Search code examples
rexpressionmetaprogrammingrlang

R - How to extract object names from expression


Given an rlang expression:

expr1 <- rlang::expr({
  d <- a + b
})

How to retrieve the names of the objects refered to within the expression ?

> extractObjects(expr1)
[1] "d" "a" "b"

Better yet, how to retrieve the object names and categorise them by "required"(input) and "created"(output) ?

> extractObjects(expr1)
$created
[1] "d"

$required
[1] "a" "b"

Solution

  • The base function all.vars does this:

    〉all.vars(expr1)
    [1] "d" "a" "b"
    

    Alternatively, you can use all.names to get all names in the expression rather than just those that aren’t used as calls or operators:

    〉all.names(expr1)
    [1] "{"  "<-" "d"  "+"  "a"  "b"
    

    Don’t be misled: this result is correct!

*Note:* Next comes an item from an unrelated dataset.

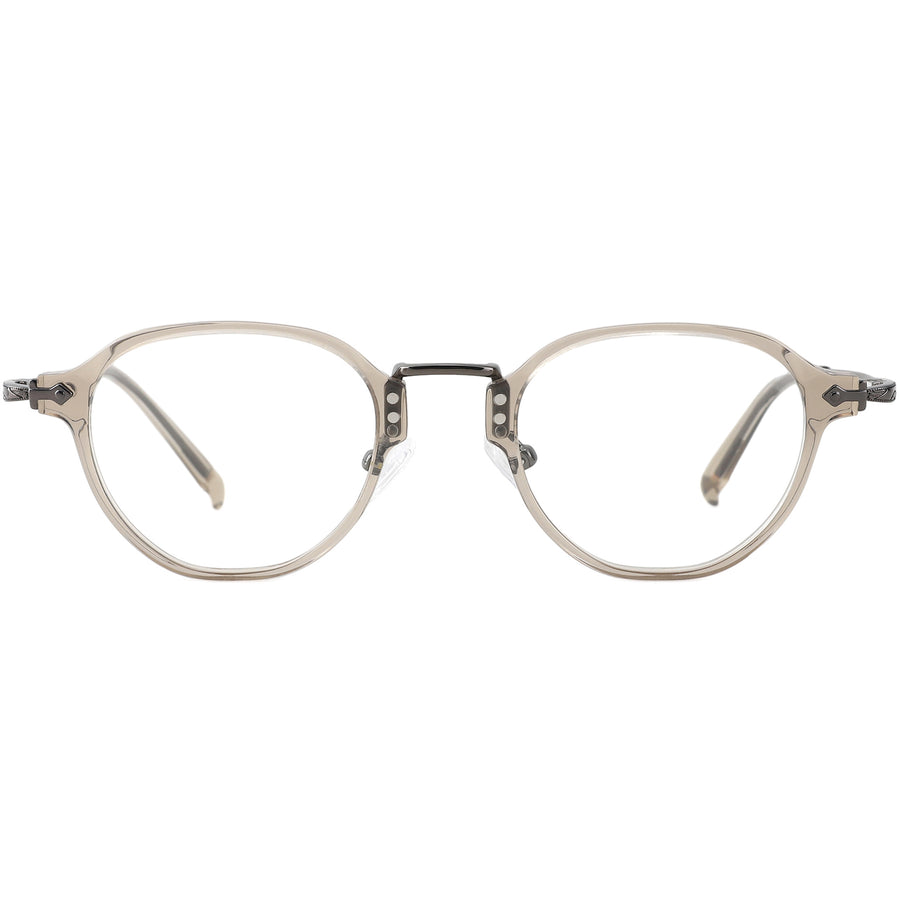 Geometric Glasses YEC1159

All of these appear in the expression, not just a, b and d.

    But it may not be what you want.

    In fact, I’m assuming what you want corresponds to the leaf tokens in the abstract syntax tree (AST) — in other words, everything except function calls (and operators, which are also function calls).

    The syntax tree for your expression looks as follows:1

       {
       |
       <-
       /\
      d  +
        / \
       a   b
    

    Getting this information means walking the AST:

    leaf_nodes = function (expr) {
        if(is.call(expr)) {
            unlist(lapply(as.list(expr)[-1L], leaf_nodes))
        } else {
            as.character(expr)
        }
    }
    
    〉leaf_nodes(expr1)
    [1] "d" "a" "b"
    

    Thanks to the AST representation we can also find inputs and outputs:

    is_assignment = function (expr) {
        is.call(expr) && as.character(expr[[1L]]) %in% c('=', '<-', '<<-', 'assign')
    }
    
    vars_in_assign = function (expr) {
        if (is.call(expr) && identical(expr[[1L]], quote(`{`))) {
            vars_in_assign(expr[[2L]])
        } else if (is_assignment(expr)) {
            list(created = all.vars(expr[[2L]]), required = all.vars(expr[[3L]]))
        } else {
            stop('Expression is not an assignment')
        }
    }
    
     〉vars_in_assign(expr1)
    $created
    [1] "d"
    
    $required
    [1] "a" "b"
    

    Note that this function does not handle complex assignments (i.e. stuff like d[x] <- a + b or f(d) <- a + b very well.


    1 lobstr::ast shows the syntax tree differently, namely as

    █─`{`
    └─█─`<-`
      ├─d
      └─█─`+`
        ├─a
        └─b

    … but the above representation is more conventional outside R, and I find it more intuitive.